Cultura 27/11/2010

Un unico pesce divide il piatto. E di fronte il vino

Una fame antica, così torbida che non assomiglia a un bisogno ma a uno stato perpetuo di tensione fino a trasfigurarsi in una specie di preghiera, di elaborato dialogo interiore. Una prosa di Nicola Dal Falco




Una fame lariana

Il vento si é messo a bussare alla finestra, dei colpetti contro il vetro come un martellare di nocche mentre un soffio continuo avvolge e scuote le cime degli alberi.
Nella cucina tiepida e spoglia, il fuoco brilla raccolto; la luce al neon ha disperso le ombre sul muro, ricacciandole nella cappa. Ogni tanto, la fiamma si allarga e riparte allegra, stirandosi su per il camino, risucchiata dalla corrente d'aria.
La credenza a muro, un paio di tavoli e qualche sedia formano tutto l'arredamento. Niente stampe né foto alle pareti.

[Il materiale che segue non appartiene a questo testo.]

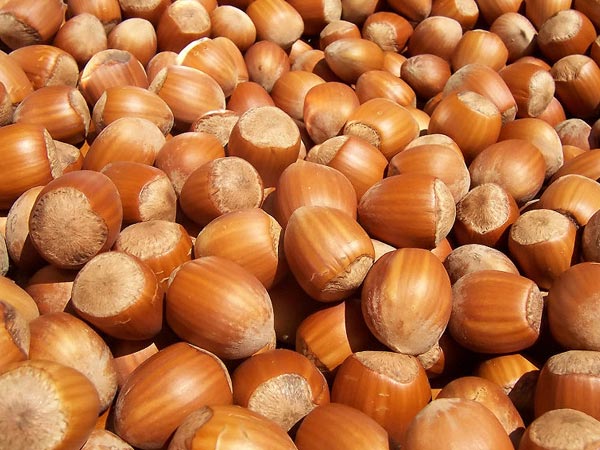 4. Hazelnuts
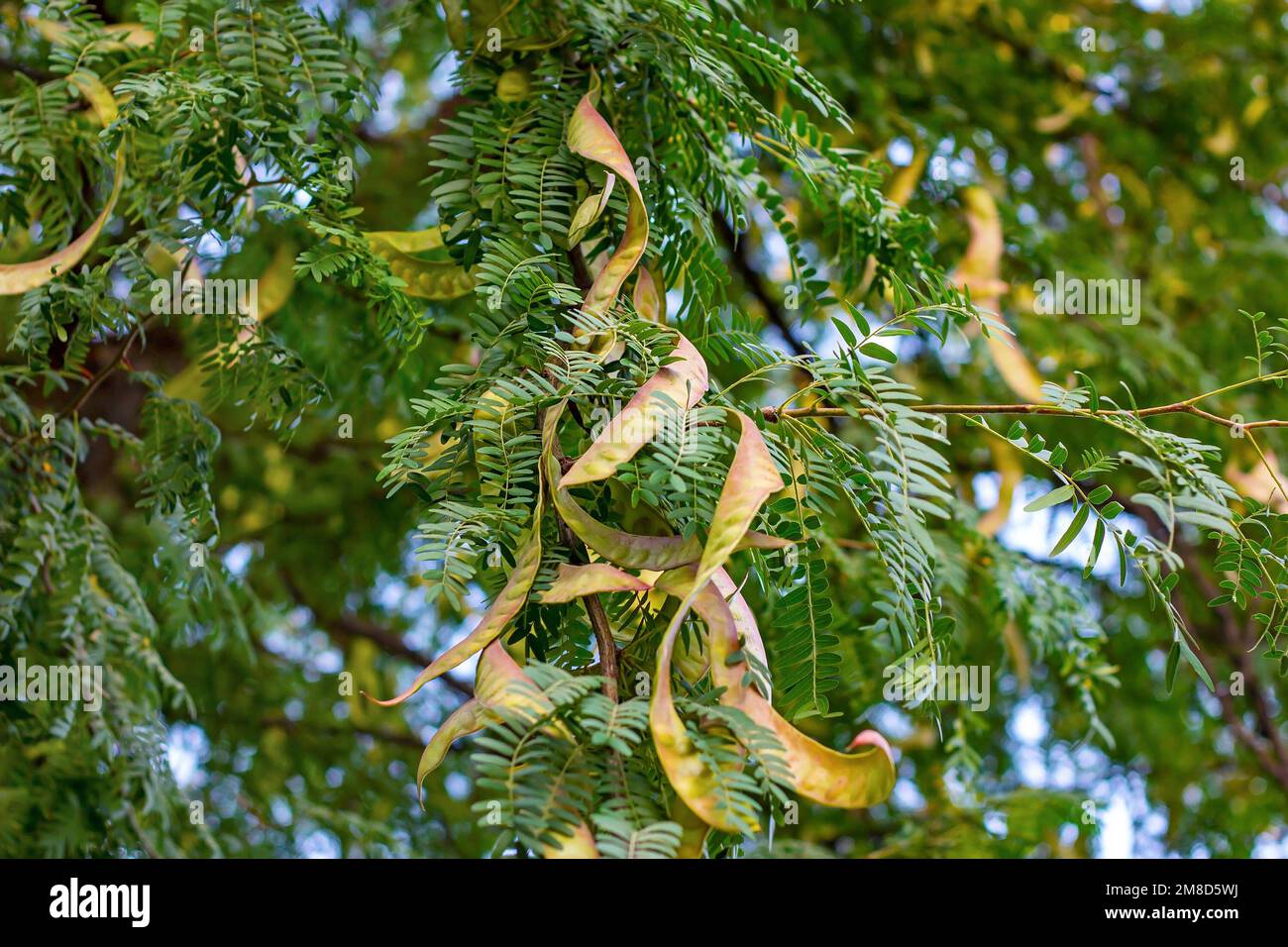 Bright green leaves and seed pods of Honey Locust (Gleditsia Triacanthos) bush in the botanic garden in summer close up. Stock Photo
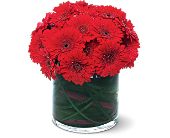 Growing Ideas, Midlothian, Texas - Red Gerbera Collection, picture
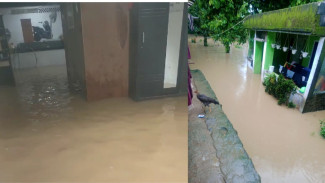 Hujan Deras, Sungai Cimanceuri Meluap, Sejumlah Rumah Warga Rumpin Terendam Banjir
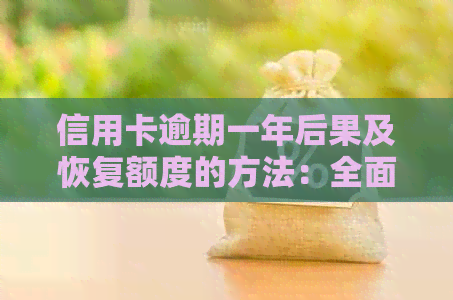 信用卡逾期一年后果及恢复额度的方法：全面解析与解决指南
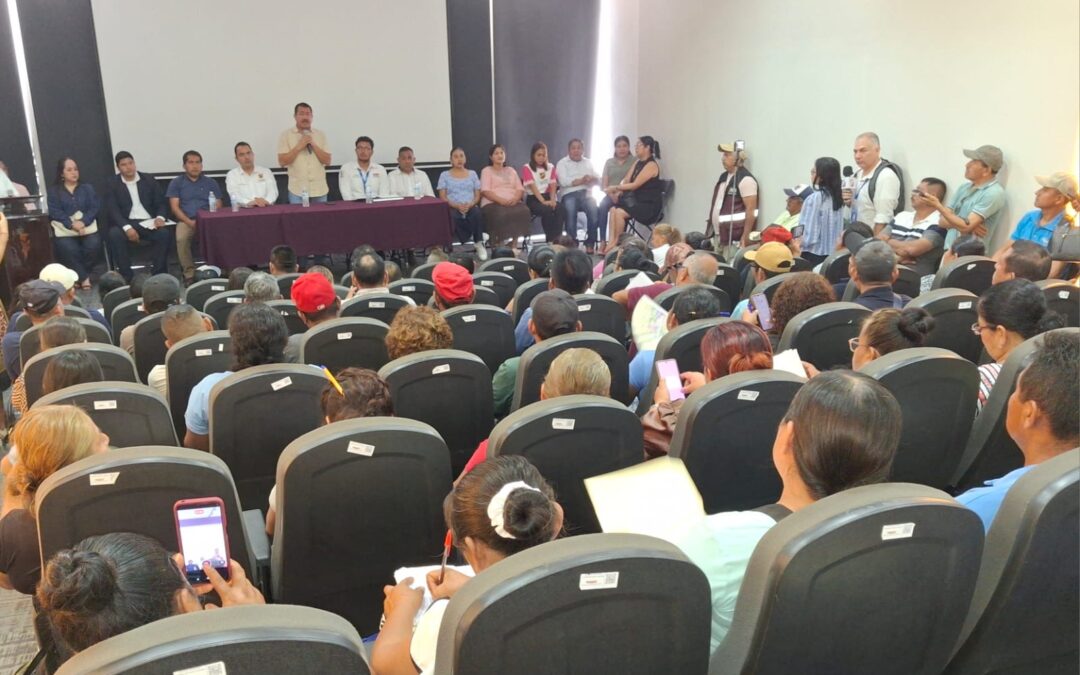 Alcalde de Álamo y CFE acuerdan poda para prevenir fallas eléctricas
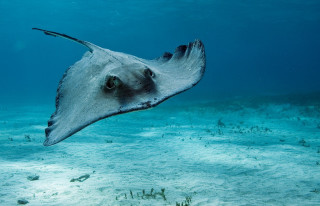 Large stingfish swimming ocean hook - aquirax uno free wallpaper for desktop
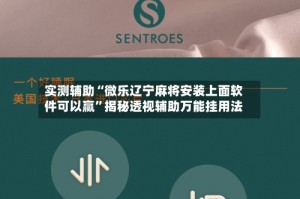 实测辅助“微乐辽宁麻将安装上面软件可以赢”揭秘透视辅助万能挂用法
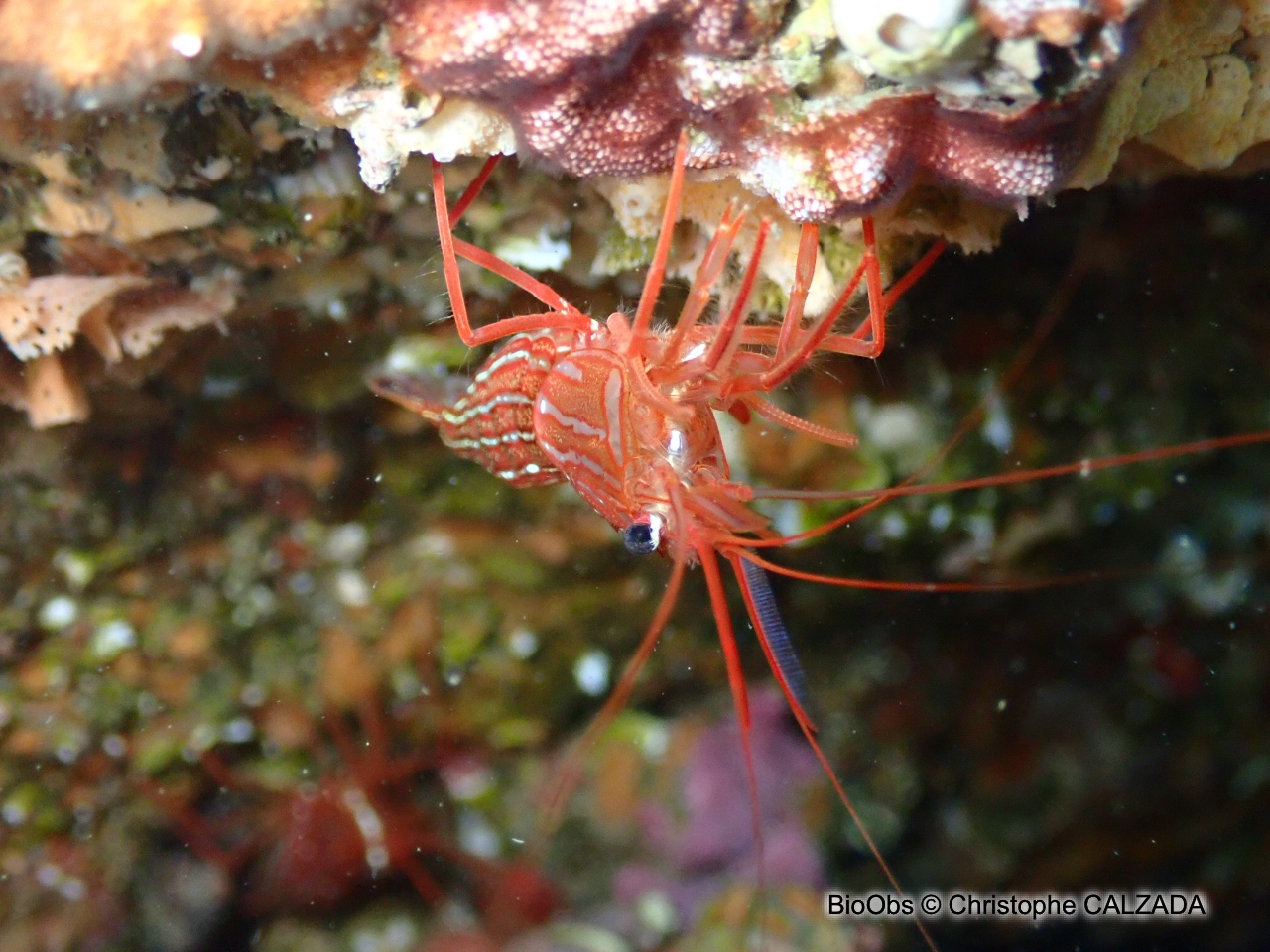 Crevette cavernicole rayée - Plesionika narval - Christophe CALZADA - BioObs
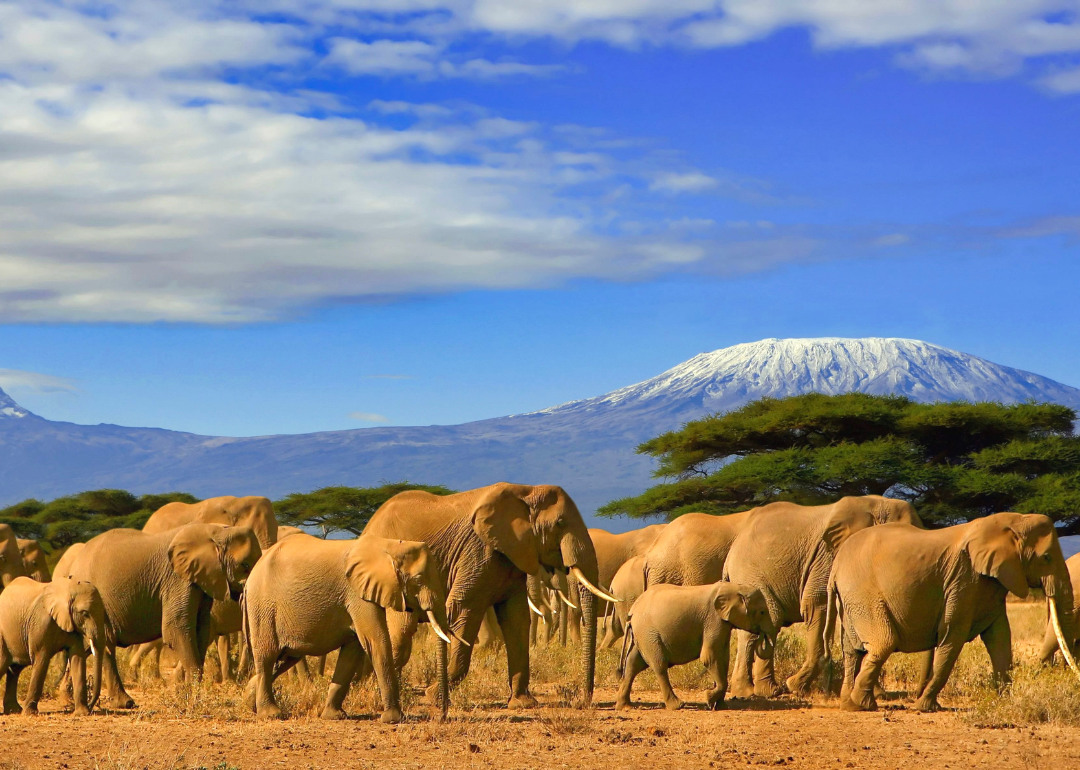 African elephants marching in a row.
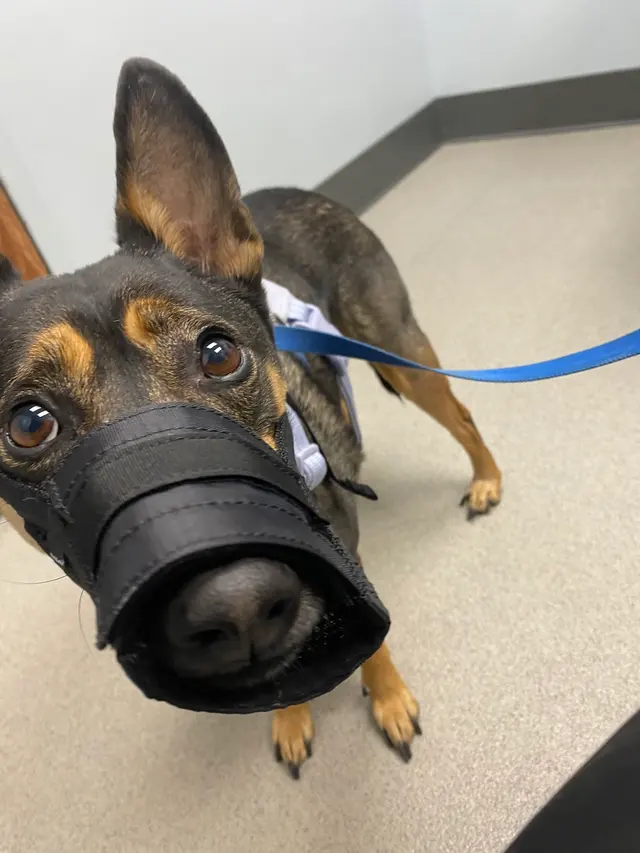 Marketplace Animal Hospital — customer photo 1
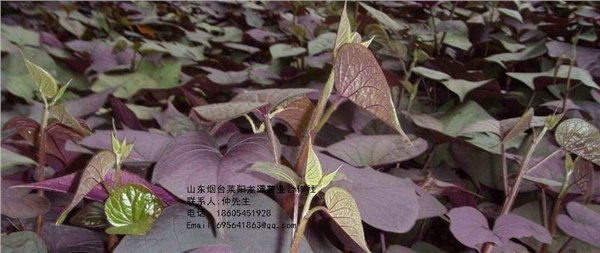 供应红薯苗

L'impressione di isolamento è totale, qualsiasi parola, ammesso che esca dalla bocca delle cinque persone presenti, farebbe il rumore di una porta sfondata. Abbiamo ordinato la polenta e delle costine di maiale, nere come sassi. Lentamente, scambiandoci occhiate, scegliamo con le dita i bocconi.
È l'ultimo giorno di apertura, prima che l'autunno cambi nome all'anagrafe delle stagioni.

Il padrone se ne sta tutto solo, seduto ad un angolo dell'altro tavolo: ha accostato appena la sedia, divaricato le gambe e raddrizzato la schiena.
Sul viso immobile, il fuoco ravviva in un incendio di sterpaglie le fiammelle dei capillari.
La nostra sembra la cena d'addio di un ambasciatore mentre l'altra metà della stanza entra tutta in un quadro del Pitocchetto dove la scena ha per tema la fame.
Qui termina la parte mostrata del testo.